Worldwide sales increased by more than $1
billion to $11.2 billion from
$10.2 billion in the third quarter
last year.
Worldwide gross profit was $646
million, compared with $599
million in the 2013 third quarter. Gross profit increased by
8 percent year-over-year benefiting from strong sales across most
regions. Gross margin was down versus last year as revenue growth
was led by a greater mix of high volume sales, particularly in
mobility and systems.
The company drove strong operating leverage, with non-GAAP
operating income for the 2014 third quarter increasing 19 percent -
nearly double the company's revenue growth - to $161 million. This compares with non-GAAP
operating income for the 2013 third quarter of $135 million.

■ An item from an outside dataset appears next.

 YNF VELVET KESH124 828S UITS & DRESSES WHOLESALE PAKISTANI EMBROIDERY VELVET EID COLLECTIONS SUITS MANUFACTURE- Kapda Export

2014 third quarter non-GAAP net income also benefited from
strong operating leverage, increasing 18 percent to $98 million, or 62
cents per diluted share, compared with non-GAAP net income
of $83 million, or 53 cents per diluted share, in the 2013 third
quarter.
On a GAAP basis, operating income was $120 million and net income was $72 million, or 45
cents per diluted share. 2013 third quarter operating
income was $138 million and net
income was $79 million, or
50 cents per diluted share. 2014 and
2013 third quarter operating income were affected by $27 million and $11
million, respectively, of pre-tax charges for
reorganization, integration and transition costs and by
$15 million and $12 million, respectively, of amortization of
intangible assets. 2013 third quarter non-GAAP financial measures
also exclude a benefit related to the receipt of $29.5 million from a LCD flat panel class action
settlement and the impact of a $5.0
million reserve recorded for estimated charges related to
indirect tax declarations in Europe.
The company generated approximately $60
million in cash flow from operations in the 2014 third
quarter compared to cash used in operations of more than
$200 million in the year-earlier
period.
Key 2014 third quarter business highlights:
- The company signed a definitive share purchase agreement to
acquire a majority interest in Armada, the largest value-add
technology distributor in Turkey.
- Ingram Micro expanded its relationship with IBM and
now offers IBM SoftLayer cloud services - the foundation
for IBM's cloud portfolio.
- The company partnered with Microsoft to rollout Microsoft's
Cloud Service Provider, a new cloud service delivery platform for
Microsoft's cloud services.
- CloudBlue, the company's IT asset disposal business, was
awarded a contract with an existing Fortune 100 financial services
company to provide IT asset disposal in India.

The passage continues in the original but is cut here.